- What is expected -
Because the pictures are not wanted, give back only the exact text of every entry below.

[Records from a dataset]

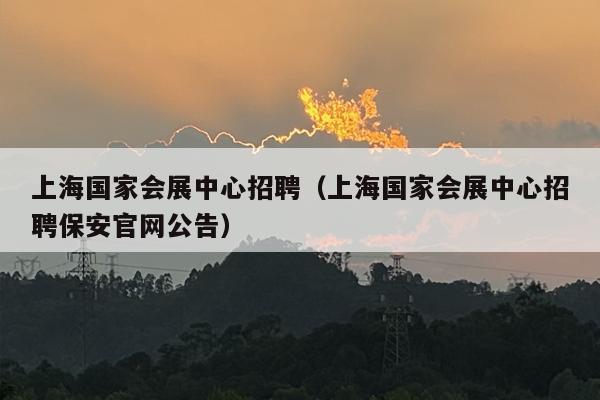上海国家会展中心招聘（上海国家会展中心招聘保安官网公告）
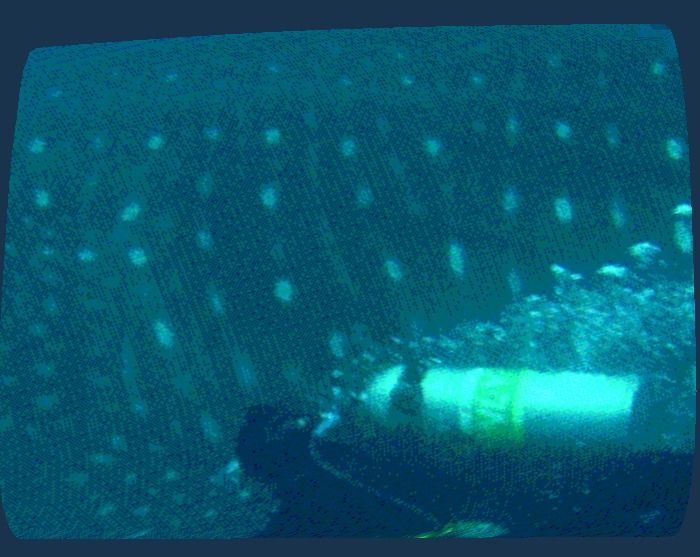 21b82013-4a07-407e-b210-521e63955d18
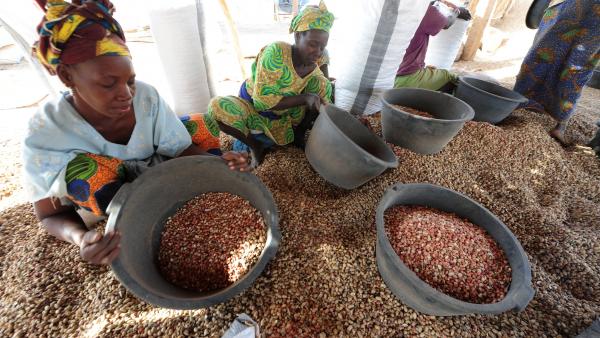 Hangheu Mandela Fabrice:  Продаю какао, ахарис, кукурузу и другие продукты из Африки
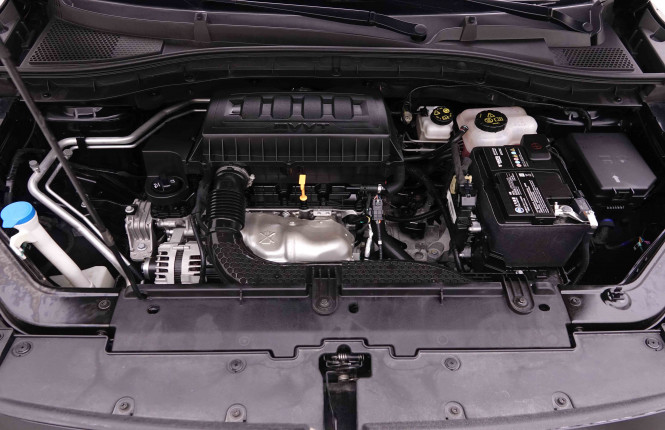 MG_MG_ZS_2548952_22.jpg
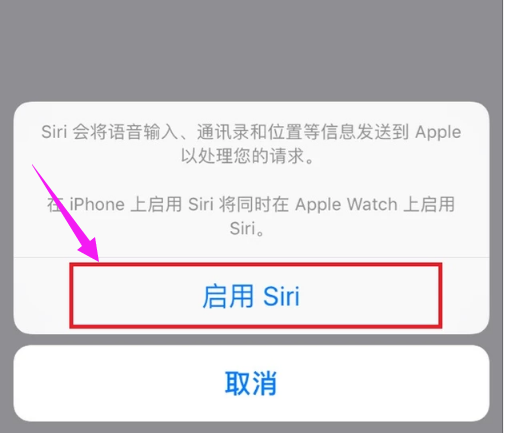 苹果手机如何开启siri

- The answer -
上海国家会展中心招聘（上海国家会展中心招聘保安官网公告）
 21b82013-4a07-407e-b210-521e63955d18
 Hangheu Mandela Fabrice:  Продаю какао, ахарис, кукурузу и другие продукты из Африки
 MG_MG_ZS_2548952_22.jpg
 苹果手机如何开启siri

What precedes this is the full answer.